» **Action item**: What you return must match, exactly, the lines running from the one containing "澳大利亞牧牛犬喜歡什么" to the end of the data, both included, and must contain no pictures.

» **Data**:
=== Section Start ===

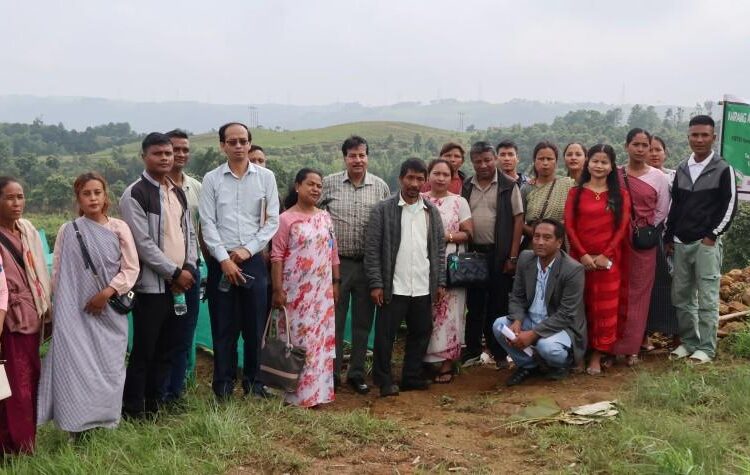 Call for green restoration funds to focus on value addition of local produce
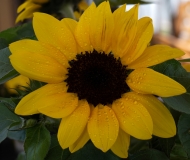 Yellow-Sunflower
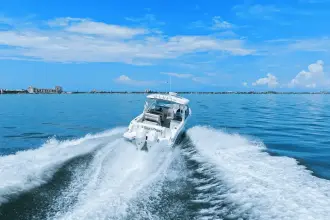Thumbnail von Boston Whaler 320 Vantage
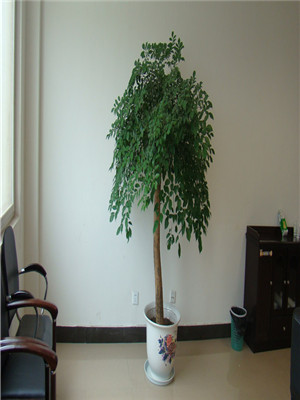 幸福樹(shù)-寧波綠植租賃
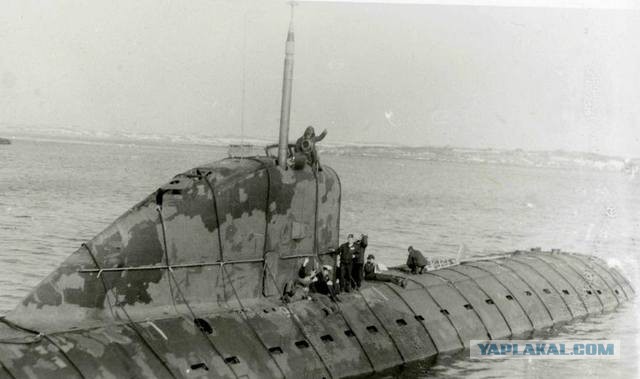 Военно-морские байки. Факторы, влияющие на либидо корабельных крыс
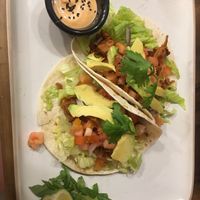 Jackfruit tacos  at The Kasbar in 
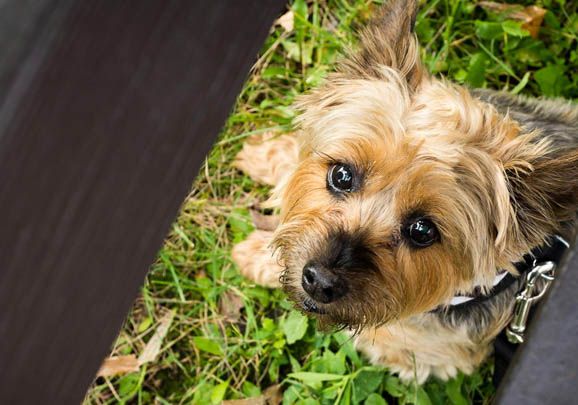 澳大利亞牧牛犬喜歡什么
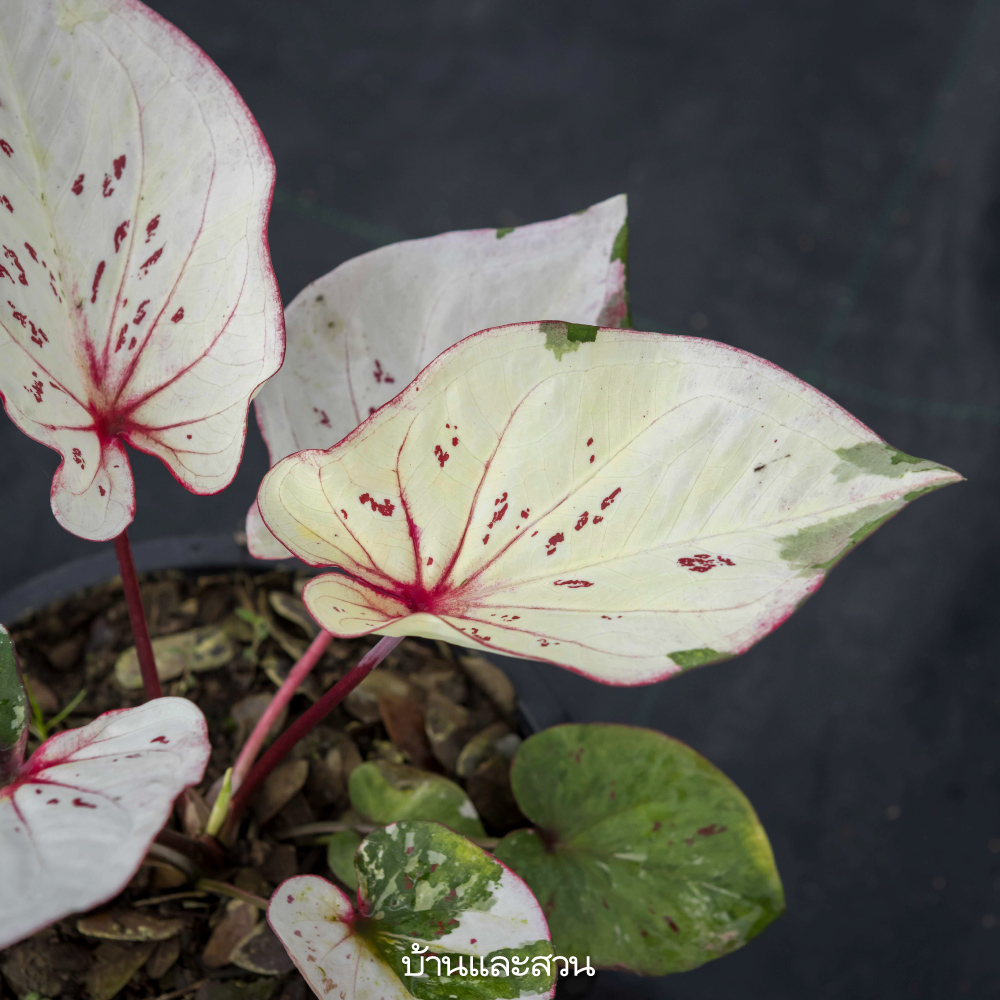 บอนสี บอนสี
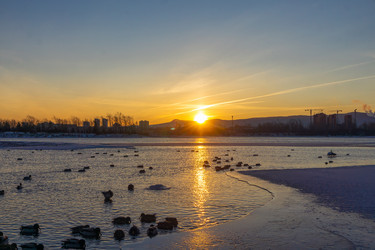 Similar image 21254213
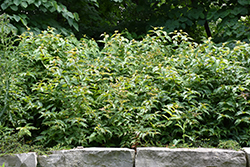 Bush Honeysuckle (Diervilla lonicera) at Mainescape Nursery
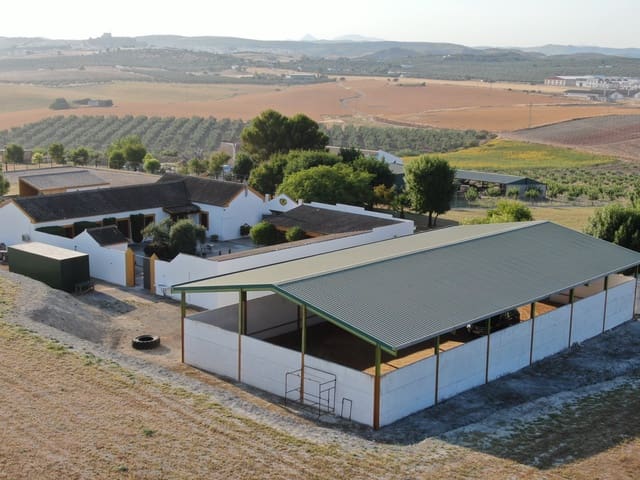 Finca/Casa Rural de 5 habitaciones en Morón de la Frontera en venta con piscina - 699.000 € (Ref: 10099139)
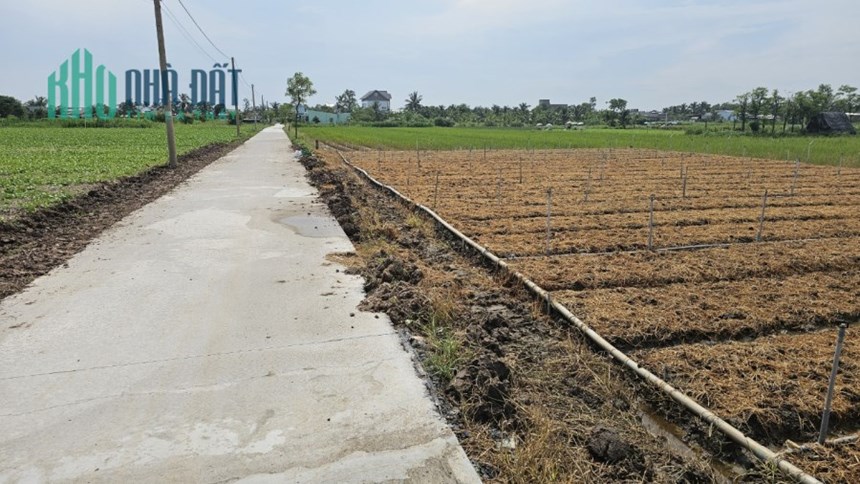 CẦN BÁN ĐẤT Ở ẤP HỘ , XÃ TÂN ĐIỀN , HUYỆN GÒ CÔNG ĐÔNG ,TỈNH TIỀN GIANG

=== Section End ===

» **Solution for this task**:
 澳大利亞牧牛犬喜歡什么
 บอนสี บอนสี
 Similar image 21254213
 Bush Honeysuckle (Diervilla lonicera) at Mainescape Nursery
 Finca/Casa Rural de 5 habitaciones en Morón de la Frontera en venta con piscina - 699.000 € (Ref: 10099139)
 CẦN BÁN ĐẤT Ở ẤP HỘ , XÃ TÂN ĐIỀN , HUYỆN GÒ CÔNG ĐÔNG ,TỈNH TIỀN GIANG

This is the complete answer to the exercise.